Journal of Physical Chemistry B, Vol.110, No.12, 6179-6189, 2006
Numerical and analytical studies of the electrical conductivity of a concentrated colloidal suspension
In the past few years, different models and analytical approximations have been developed facing the problem of the electrical conductivity of a concentrated colloidal suspension, according to the cell-model concept. Most of them make use of the Kuwabara cell model to account for hydrodynamic particle- particle interactions, but they differ in the choice of electrostatic boundary conditions at the outer surface of the cell. Most analytical and numerical studies have been developed using two different sets of boundary conditions of the Neumann or Dirichlet type for the electrical potential, ionic concentrations or electrochemical potentials at that outer surface.

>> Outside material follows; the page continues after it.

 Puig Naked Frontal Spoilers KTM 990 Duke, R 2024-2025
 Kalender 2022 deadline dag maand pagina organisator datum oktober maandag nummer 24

In this contribution, we study and compare numerical conductivity predictions with results obtained using different analytical formulas valid for arbitrary zeta potentials and thin double layers for each of the two common sets of boundary conditions referred to above. The conductivity will be analyzed as a function of particle volume fraction, Phi, zeta potential, xi, and electrokinetic radius, Ka (K-1 is the double layer thickness, and a is the radius of the particle). A comparison with some experimental conductivity results in the literature is also given. We demonstrate in this work that the two analytical conductivity formulas, which are mainly based on Neumann- and Dirichlet-type boundary conditions for the electrochemical potential, predict values of the conductivity very close to their corresponding numerical results for the same boundary conditions, whatever the suspension or solution parameters, under the assumption of thin double layers where these approximations are valid. Furthermore, both analytical conductivity equations fulfill the Maxwell limit for uncharged nonconductive spheres, which coincides with the limit Ka -> infinity. However, some experimental data will show that the Neumann, either numerical or analytical, approach is unable to make predictions in agreement with experiments, unlike the Dirichlet approach which correctly predicts the experimental conductivity results. In consequence, a deeper study has been performed with numerical and analytical predictions based on Dirichlet-type boundary conditions.